The first glimpse of the distributed nature of structural abnormalities in mTLE came from Sisodiya and colleagues 98. Instead of manually tracing structures with defined borders, they divided each hemisphere into blocks and quantified the amount of cortical gray matter and white matter throughout the entire brain. Each anatomical block of a patient with mTLE was compared to normal controls in order to assess for disproportional distribution of gray and white matter. Indeed, a majority of patients with hippocampal sclerosis had diffuse abnormalities throughout the cerebral cortex, but the exact location could not be elucidated from this technique.
With the emergence of automated analysis tools such as voxel based morphometry (VBM), the whole brain now can be scrutinized voxel by voxel in the same patient group to more precisely localize brain regions that are affected in mTLE. This unbiased examination of the entire brain facilitated appreciation of the distribution and relative degree of structural burden carried by many patients. In that regard, a very helpful summary of the presence and distribution of structural abnormalities associated with TLE is provided by Keller and Roberts 99. They summarized 18 VBM studies and found 26 brain regions that showed reduced volumes in TLE, compared to healthy controls. The distribution of abnormalities was widespread, involving mesial, extramesial temporal lobe, subcortical and extratemporal lobe cortical regions.
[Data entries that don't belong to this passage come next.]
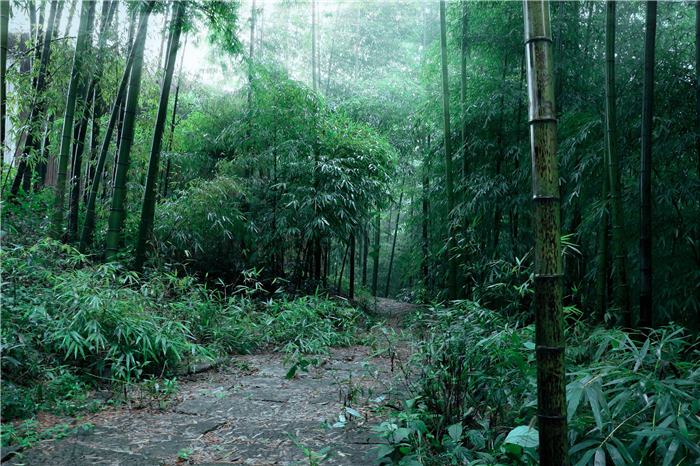 重慶雨臺山風景區(qū)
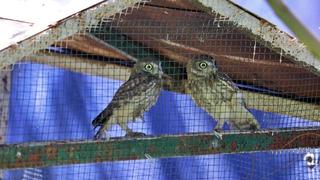 Osmaniye'de bulunan 2 baykuş yavrusu bakımlarının ardından doğaya salındı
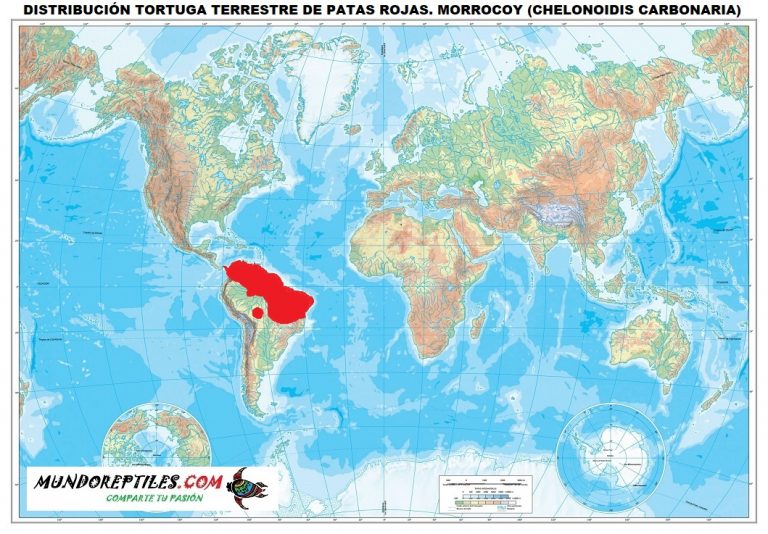 distribución-morrocoy-chelonoidis-carbonaria-768x534.jpg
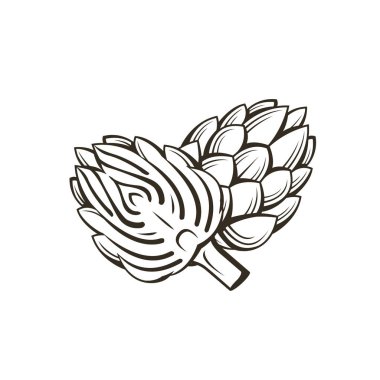 Siyah enginar tomurcuklanması beyaz arkaplanda izole edilmiş sebze çizimi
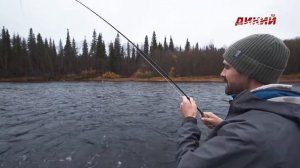 На мушку! На Варзуге и ее притоках. Часть 2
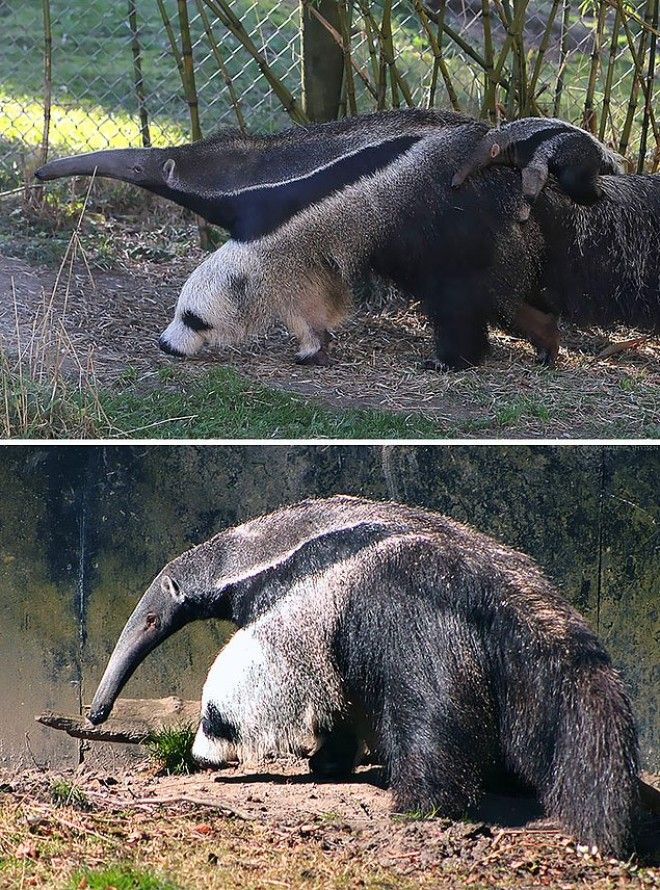 25 фото на которые придется посмотреть дважды чтобы понять что происходит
Although VBM studies provide an anatomical profile of the extent of abnormalities, the pathological nature of these changes was uncertain 99. Gray matter measurements in VBM are sensitive to both losses in gray matter as well as increases in CSF volume, as well as differences in cortical surface curvature, which cannot be distinguished from each other. These limitations provided the impetus to examine changes in other brain features such as indices of gyrification, cortical thickness, and surface area. Lin and colleagues examined cortical thickness in a group of mTLE patients with pathologically confirmed hippocampal sclerosis and found that these patients to have up to a 30% decrease in cortical thickness, with significant thinning of frontal poles, frontal operculum, orbitofrontal, lateral temporal, and occipital regions (Figure 4, a and b). Interestingly, reductions in cortical thickness were evident in bilateral cerebral hemispheres, despite unilateral seizure onset 100. Other investigators have also reported bilateral cortical mantel thinning in select regions throughout the entire cerebral cortex, but most consistently in the frontal, central and temporal regions101–103. Widespread abnormalities in gyrification patterns were found in multiple cortical regions, both ipsilateral and contralateral
In addition to gray matter abnormalities, aberrant white matter tracts and connections are present in chronic TLE. The advent of diffusion tensor imaging (DTI) techniques has allowed investigators to measure white matter tract integrity by assessing magnetic resonance signal of water diffusion and its directionality in three-dimensional space. Parallel to early quantitative gray matter volumetric studies, initial DTI studies also focused on the limbic system and found diffusion abnormalities in the bilateral of fornix and cingulum 104. Postulating on a more diffuse epileptogenic network in TLE, other investigations extended this initial finding to frontal-temporal (uncinate fasciculus and arcuate fasciculus) 105–107, temporal-occipital (inferior longitudinal fasciculus)108, frontal-occipital (inferior frontal occipital fasciculus)108 and interhemispheric connections (corpus callosum) 109–111. More recently, whole brain voxelwise analysis techniques have mapped white matter profiles and delineated systemic differences between TLE patients and healthy individuals, without a priori bias for specific tracts or brain regions. Focke and colleagues (2008) used such a voxelwise technique to evaluate diffusion abnormalities in patients with mTLE and found that reduced white matter integrity was present in mesial and lateral temporal lobe, limbic system (thalamus, fornix and cingulum), and extratemporal regions (arcuate fasciculus, external capsule and corpus collosum), The white matter changes were more pronounced ipsilateral to side of seizure onset (Figure 4, c)112. Other studies have also showed demonstrated extensive bilateral white matter diffusion abnormalities, particularly in the temporal and frontal lobes ipsilateral to the side of seizure onset 113–115.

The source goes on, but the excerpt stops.